La respuesta es: 22 estados hasta este momento, aunque, al final, algunos podrían cambiar de opinión. ¿Y qué tienen estos Estados en común?

Principalmente, una historia de esclavismo: solo uno de los que fueran miembros de la Confederación ha expandido a Medicaid, y si bien unos cuantos Estados norteños también son parte del movimiento, más de 80 por ciento de la población en los Estados Unidos que rechaza a Medicaid vive en entidades que practicaron la esclavitud antes de la guerra civil.

Y no solo se trata de la reforma sanitaria: una historia de esclavitud es un indicador fuerte de todo, desde el control de armas (o, más bien, su ausencia) hasta los bajos salarios y la hostilidad hacia los sindicatos, hasta la política fiscal.

Entonces, ¿siempre será así? ¿Estados Unidos está condenado a vivir por siempre políticamente a la sombra de la esclavitud?

Me gustaría pensar que no. En primer lugar, nuestro país está creciendo más étnicamente diverso y, poco a poco, la antigua polaridad entre negros y blancos se está volviendo obsoleta.

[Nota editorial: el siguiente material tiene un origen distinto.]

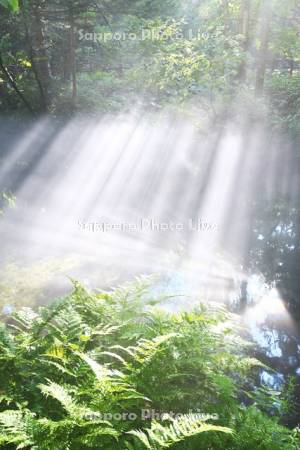 神の子池の朝霧と斜光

En segundo lugar, como dije, realmente nos hemos convertido en una sociedad menos racista y, en general, mucho más tolerante en muchos frentes. Al paso del tiempo, deberíamos esperar ver declinar la influencia de la política de mensajes cifrados.

Sin embargo, eso todavía no sucede. De vez en vez, se oye a un coro de voces que declaran que la raza ya no es un problema en Estados Unidos. Eso es una ilusión; nos sigue persiguiendo el pecado original de nuestra nación.